Hi Brion,
On Wed, 16 Nov 2005 13:46:40 -0800 Brion Vibber brion@pobox.com wrote:
Andre Oliveira da Costa wrote:
Brion Vibber wrote:
This is normal; set $wgLegacyEncoding for runtime conversion of old text entries.
... wow, that's it? ;-) I thought it would be harder =) Thank God it's simple...
;)
I'll try it ASAP and post here the results. However, a couple of questions:
- shouldn't upgrade1_5.php convert text entries as well?
No.
What's the point in "half converting" to utf-8?
Ask that again when _you_ have sixteen million precompressed text records in Latin-1 and hundreds of people calling for your blood every minute the site is offline for the upgrade. ;)
Ok, got the message ;-) Yeah, judging from this perspective, it makes perfect sense. And, after all, all that matters is that at the end of the day conversion (be it partial or full) works, and all content is accounted for and properly accessible after the upgrade (confirmation still pending on my case! ;-))

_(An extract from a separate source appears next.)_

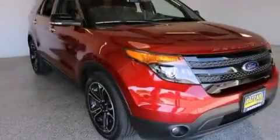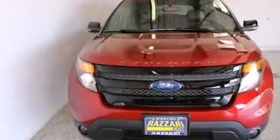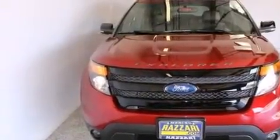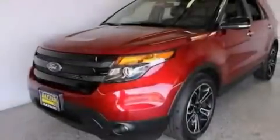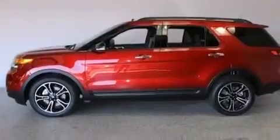This is a brand new 2014 Ford Explorer, for when safety, size, and space are of importance. This SUV has a six-speed automatic transmission, a 3.5-liter V6, and four-wheel drive.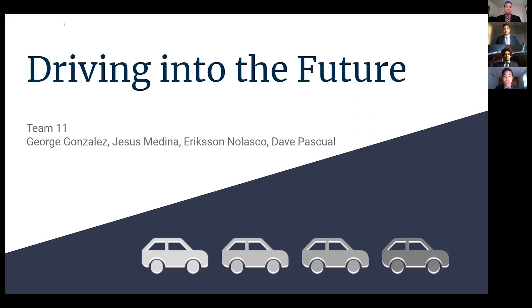Hey everyone, we're Group 11 and we're driving into the future. Our group consists of George, Jesus, Erickson, and myself, Dave.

- will $wgLegacyEncoding be around on future releases? After all, remaining non-utf8 chars will be on the DB forever since the upgrade script didn't catch them.
Yes.
Cool. I rest my case then ;-)
- would a "manual" conversion using iconv (as erchache2000 suggested on this thread) after upgrade1_5.php and update.php have been applied successfully convert all DB from latin-1 to utf-8?
Depends on your database...
Could this have any side-effects that could compromise the DB? (eg. if images or any other binary data is stored on the DB, I don't know if iconv is smart enough not to mess with "latin-1 chars" it might find within binary content)
Yes, that would corrupt any compressed text entries. If you're using compressed old records you'd have to decompress the whole table before running such a conversion.
Ok. In other words: "don't do it unless you're pretty sure you know what you're doing" ;-) I didn't even know there could be compressed text records, but they're as much of a problem on this case as any binary file. As for me, I'll let it be as it is ;-)
Thks for all the help. I will try the $wgLegacyEncoding at home and will report here the results.
Best,
Andre
PS: BTW: IMHO some of this conversation could be summarized on the UPGRADE docs, it could save others some worries.